ASSIGNMENT:
Give back every entry precisely as written, without any of the images.

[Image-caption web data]
....
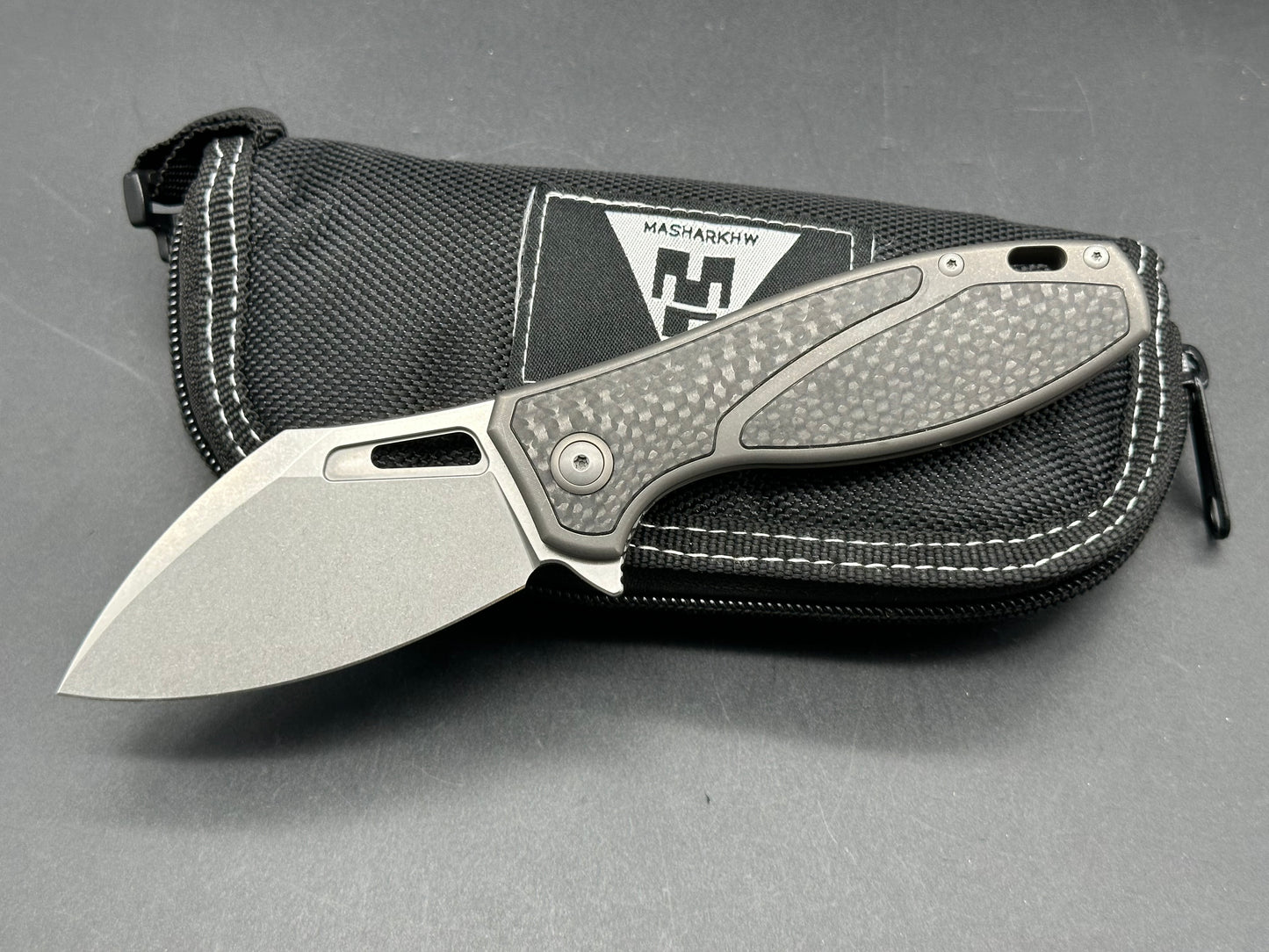 Infinite Knives Pufferfish/Grey Ti Handle Carbon Fiber Inlays w/M390 blade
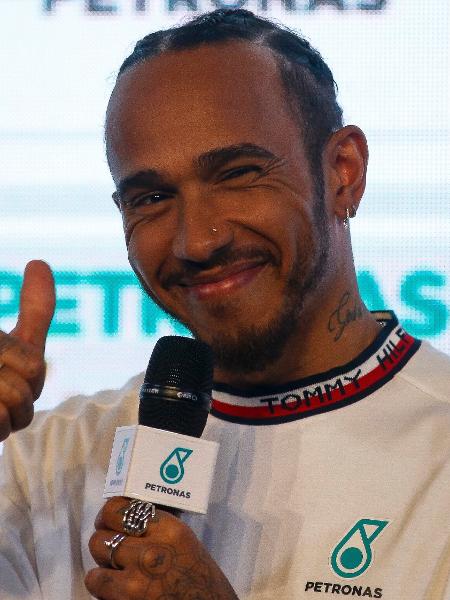 Lewis Hamilton durante entrevista em São Paulo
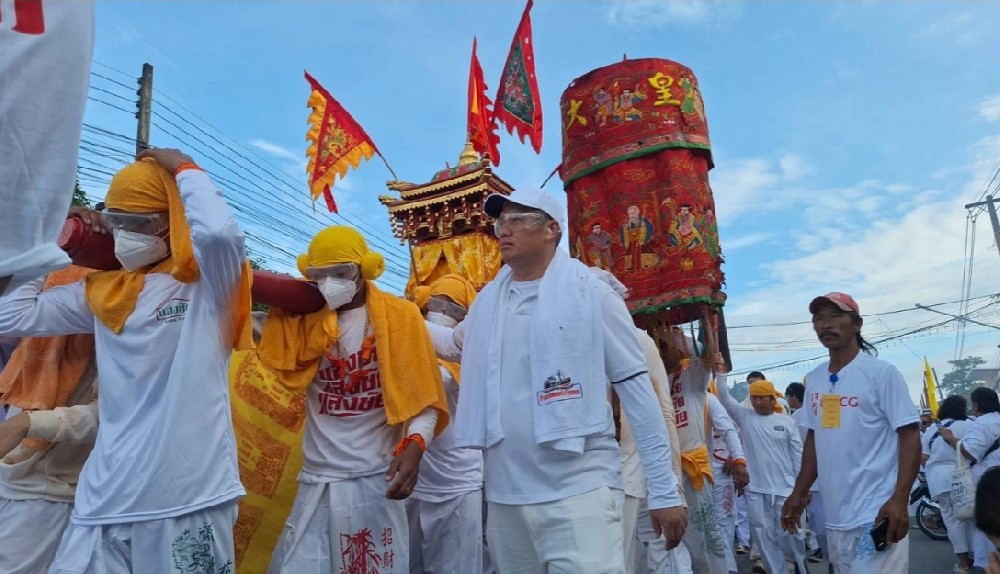 泰国新闻：“Lor Rong Shrine”普吉岛，绕城游行赎罪日吃蔬菜传统结束前的最后一句话。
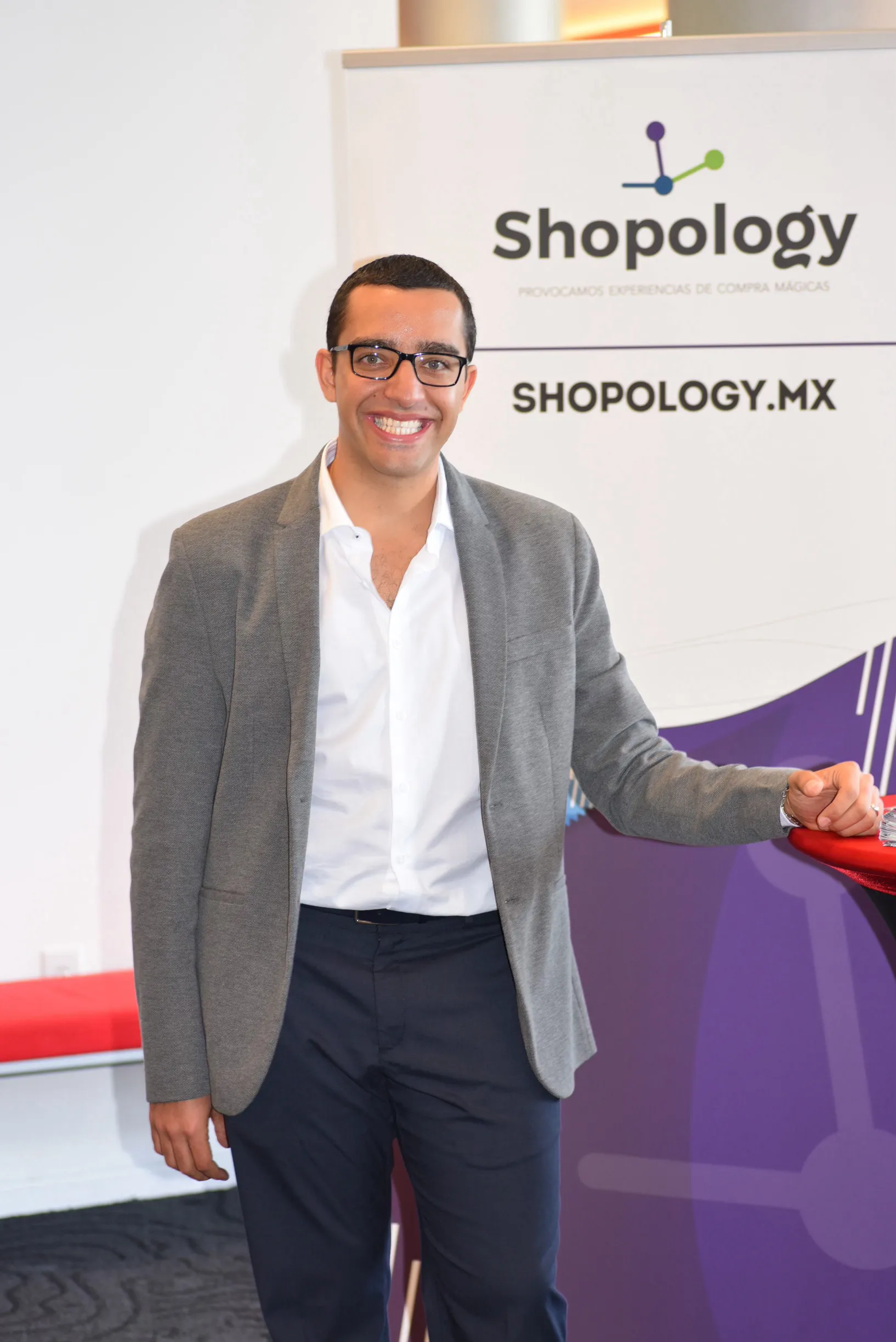 Carlos Agami presentando Big Brother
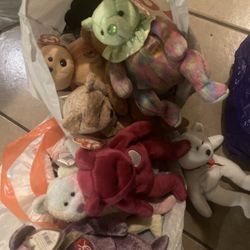 Assorted Beanie Babies 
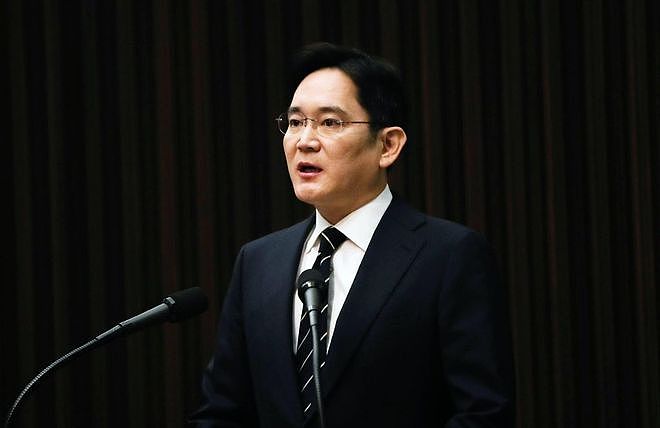 25岁三星太子入伍照曝光,剃平头很魁梧,放弃美国籍却恐难继家业(组图) - 6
....
ANSWER TO THIS TASK:
 Infinite Knives Pufferfish/Grey Ti Handle Carbon Fiber Inlays w/M390 blade
 Lewis Hamilton durante entrevista em São Paulo
 泰国新闻：“Lor Rong Shrine”普吉岛，绕城游行赎罪日吃蔬菜传统结束前的最后一句话。
 Carlos Agami presentando Big Brother
 Assorted Beanie Babies 
 25岁三星太子入伍照曝光,剃平头很魁梧,放弃美国籍却恐难继家业(组图) - 6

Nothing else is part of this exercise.